## TASK TO CARRY OUT
Would you give the listing again exactly, without its images?

(Beginning of RECORDS SUPPLIED)

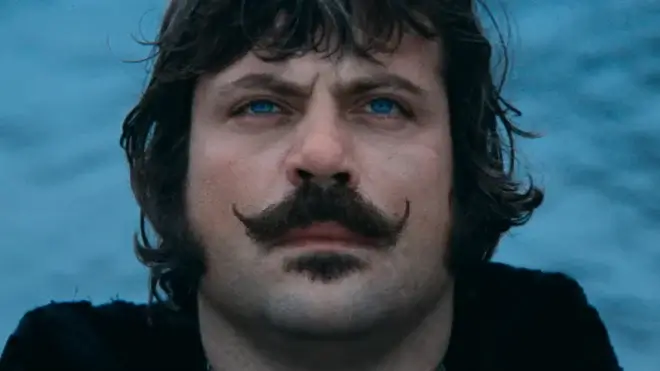 Oliver Reed looks up with foreboding while standing in front of the water in Ken Russell's The Devils.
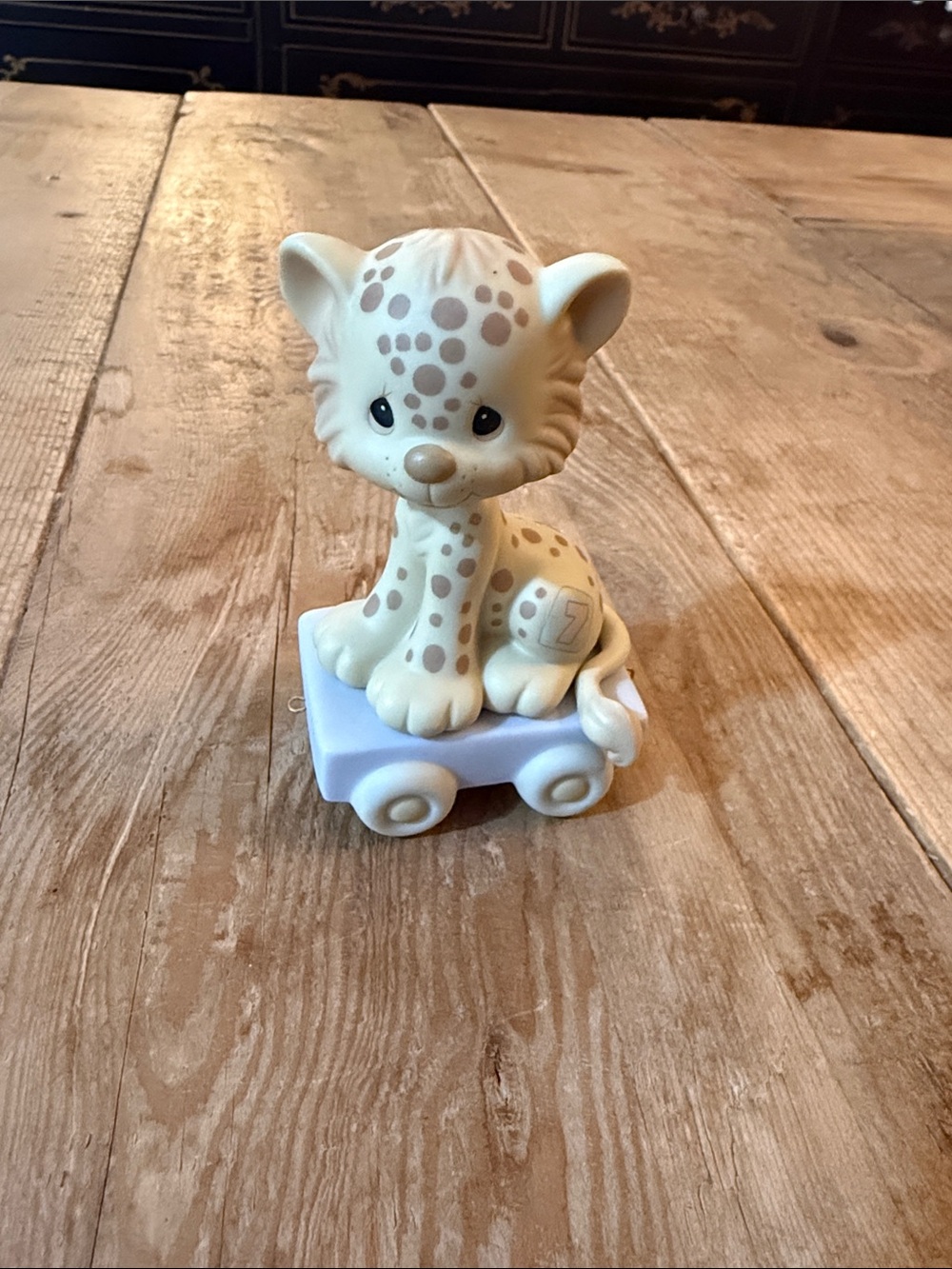 Precious Moments Cream Spotted Leopard on Light Purple Wheeled Base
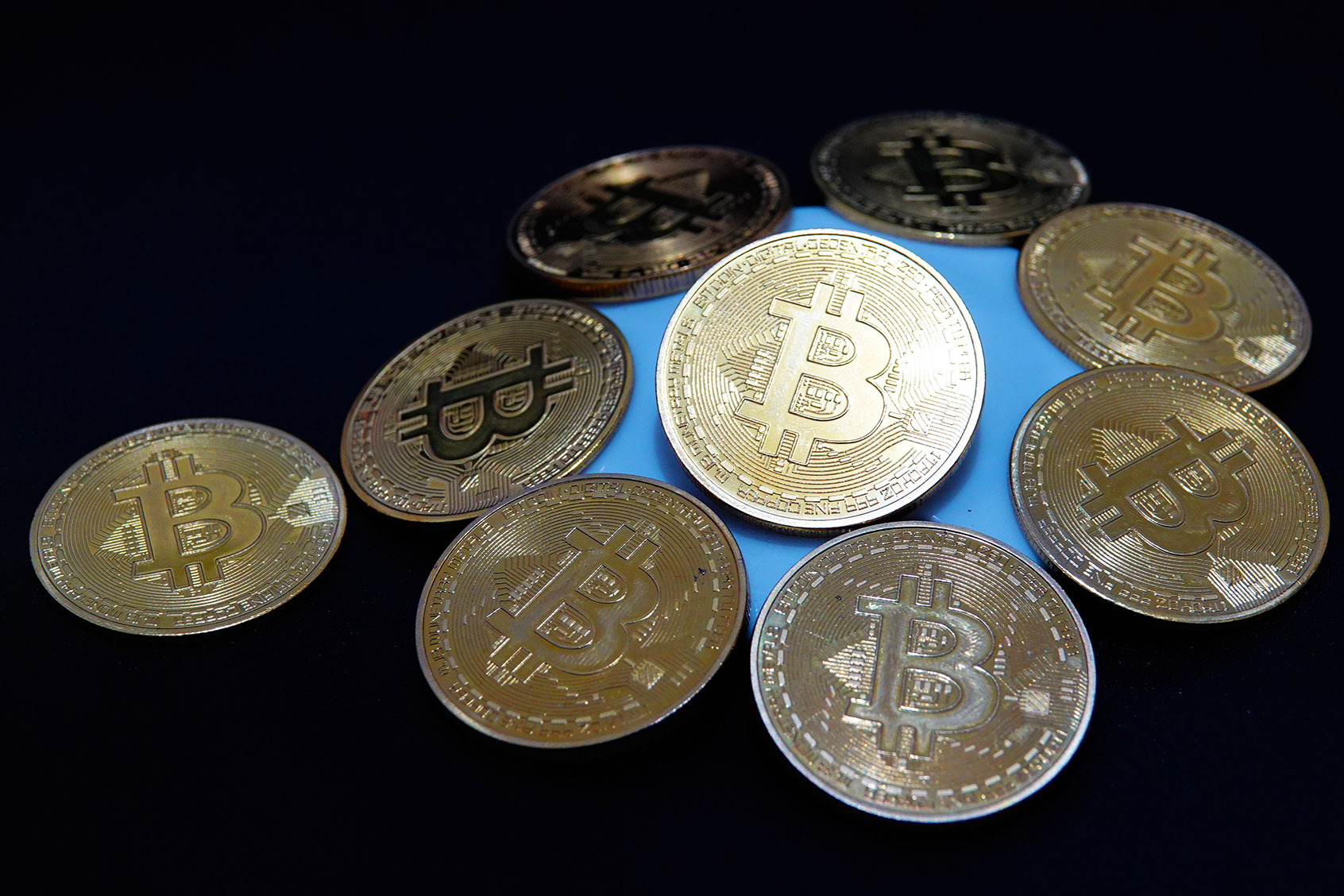 Commemorative bitcoin coins (Costfoto/NurPhoto via Getty Images)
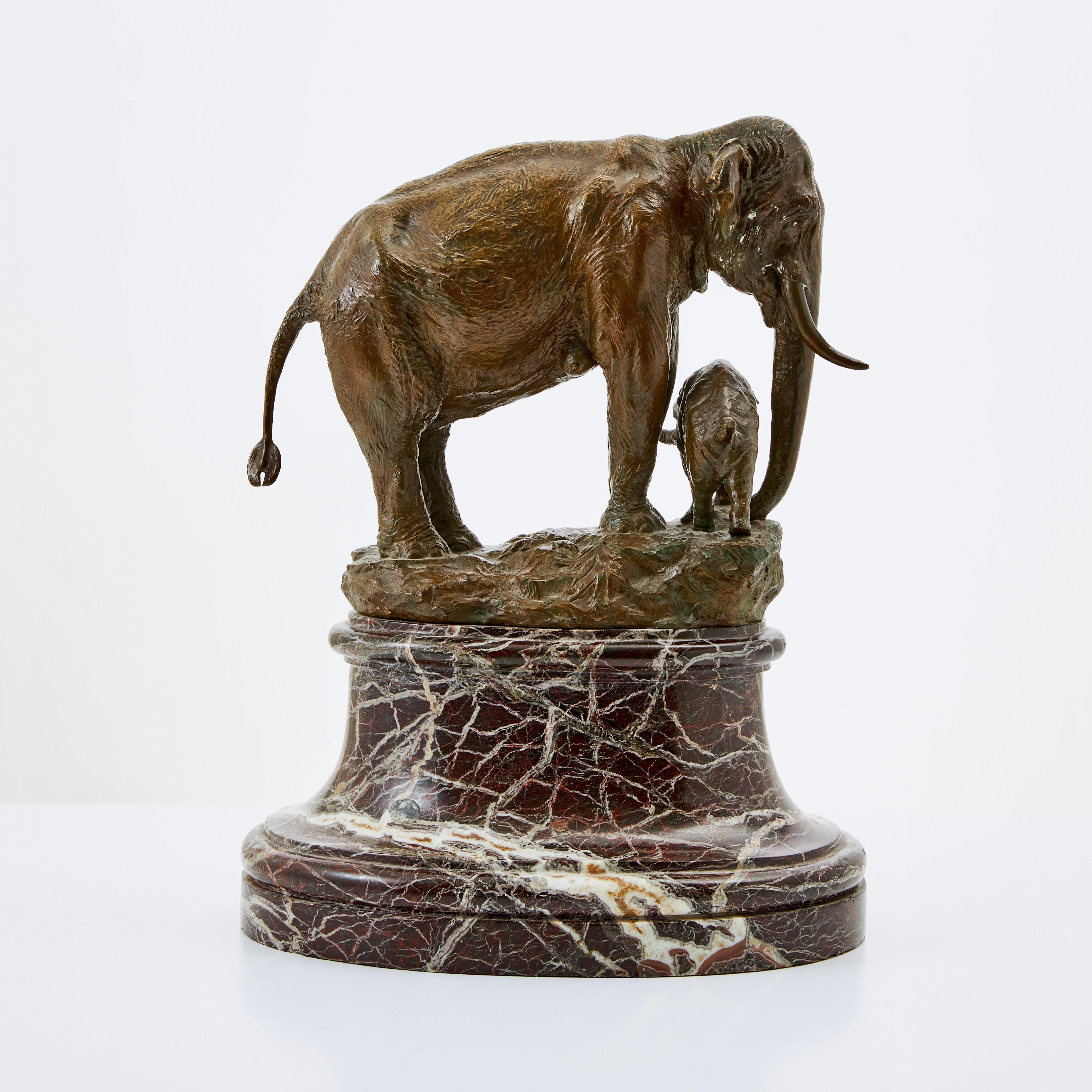 A fine patinated bronze sculpture of a mother elephant with her baby elephant by Niels Holm (1860-1933). Signed NIELS HOLM, ELEPHASINDICUS, ENDANGER. Also signed L. RASMUSSEN, KOBENHAVN which is the foundry. Mounted on a red marble base. 
Niels Holm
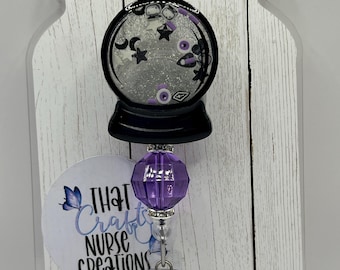 Puede incluir: Un carrete de insignia transparente en forma de tarro con un diseño de globo de nieve negro y plateado. El globo de nieve presenta estrellas, lunas y otras formas. El carrete tiene una cuenta púrpura y el texto "THAT Craft NURSE CREATIONS".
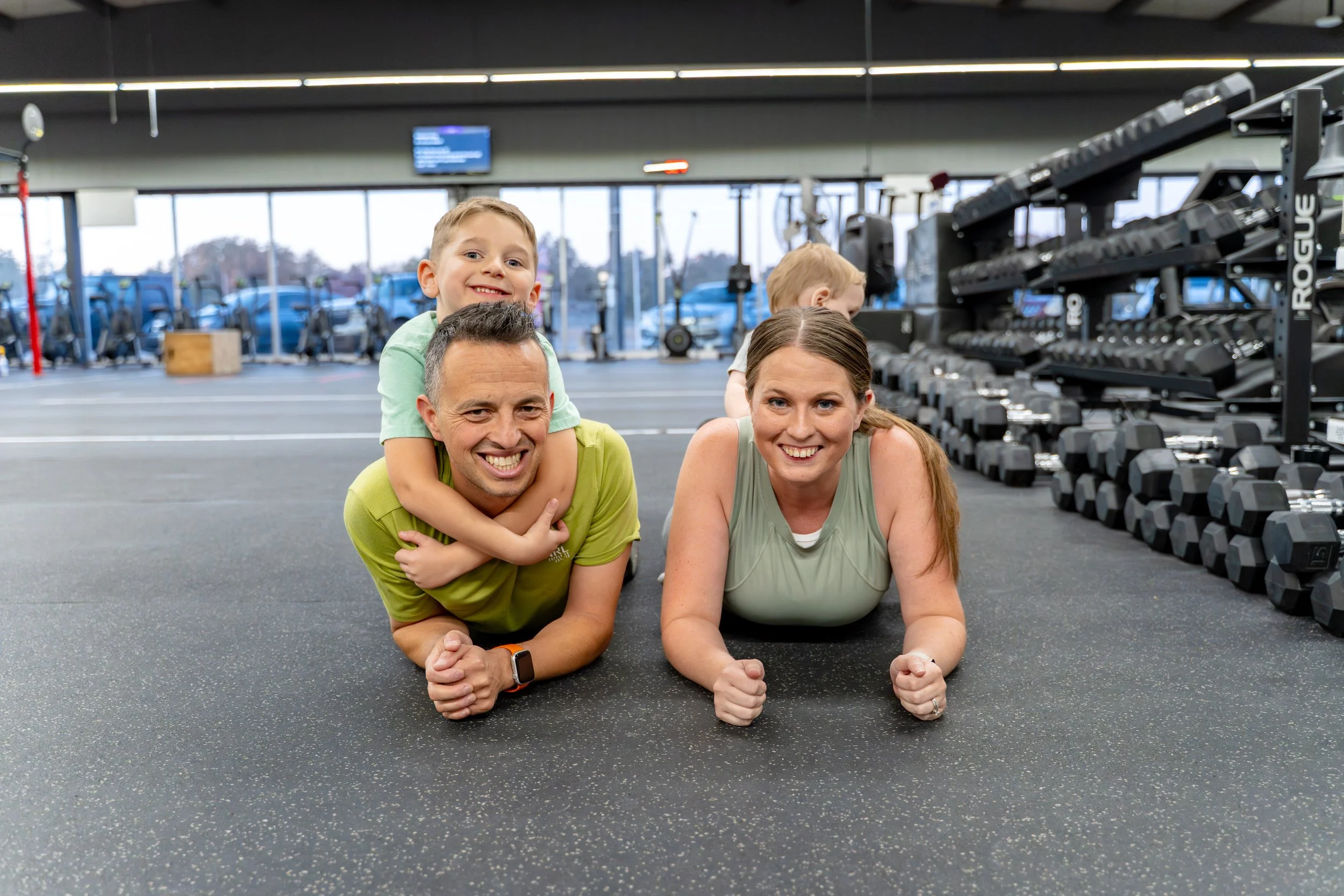 A family of four doing planks on the gym floor, with a man and woman in the foreground and two children, one on the man's back and another in the background, at a gym with poles and weights.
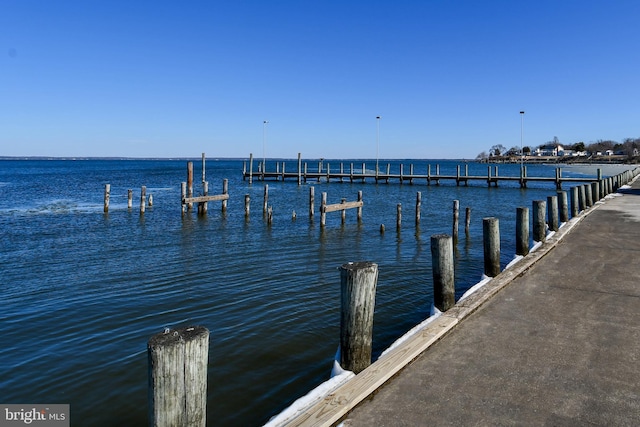 view of dock with a water view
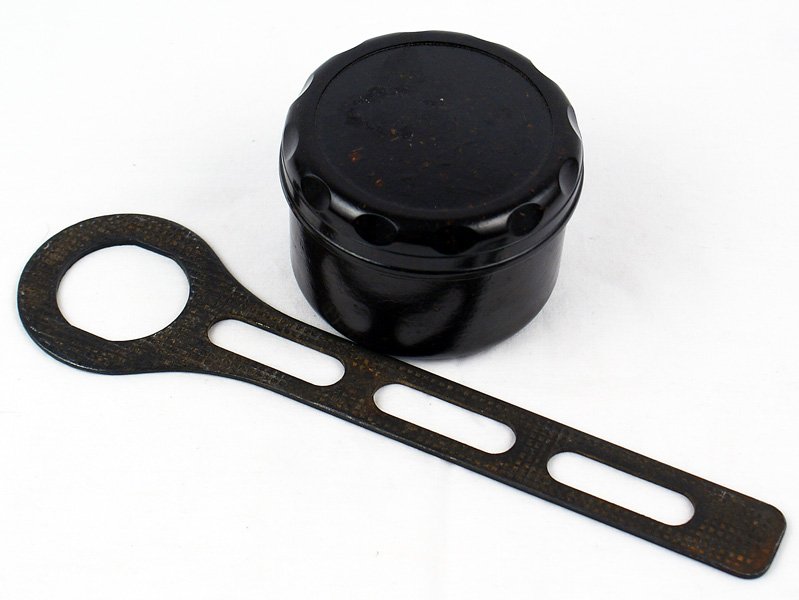 German WWII Lot Bakelite container/tool: M-44 Lot: (1) Bakelite container to hold grease for the MG 34/42. Maker's logo/"HK" on bottom. (2) K98 spanner tool for the grenade pouch. II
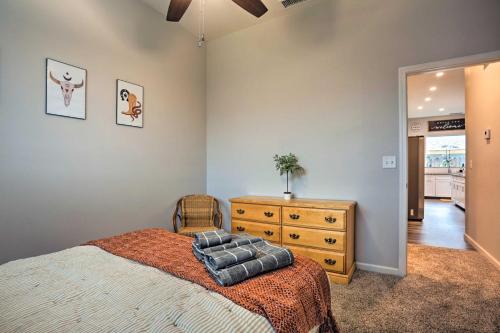 a bedroom with a large bed and a dresser at Stunning Clovis Home about 1 Mile to Old Town! in Clovis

(End of RECORDS SUPPLIED)

## SOLUTION FOR THIS EXERCISE
 Oliver Reed looks up with foreboding while standing in front of the water in Ken Russell's The Devils.
 Precious Moments Cream Spotted Leopard on Light Purple Wheeled Base
 Commemorative bitcoin coins (Costfoto/NurPhoto via Getty Images)
 A fine patinated bronze sculpture of a mother elephant with her baby elephant by Niels Holm (1860-1933). Signed NIELS HOLM, ELEPHASINDICUS, ENDANGER. Also signed L. RASMUSSEN, KOBENHAVN which is the foundry. Mounted on a red marble base. 
Niels Holm
 Puede incluir: Un carrete de insignia transparente en forma de tarro con un diseño de globo de nieve negro y plateado. El globo de nieve presenta estrellas, lunas y otras formas. El carrete tiene una cuenta púrpura y el texto "THAT Craft NURSE CREATIONS".
 A family of four doing planks on the gym floor, with a man and woman in the foreground and two children, one on the man's back and another in the background, at a gym with poles and weights.
 view of dock with a water view
 German WWII Lot Bakelite container/tool: M-44 Lot: (1) Bakelite container to hold grease for the MG 34/42. Maker's logo/"HK" on bottom. (2) K98 spanner tool for the grenade pouch. II
 a bedroom with a large bed and a dresser at Stunning Clovis Home about 1 Mile to Old Town! in Clovis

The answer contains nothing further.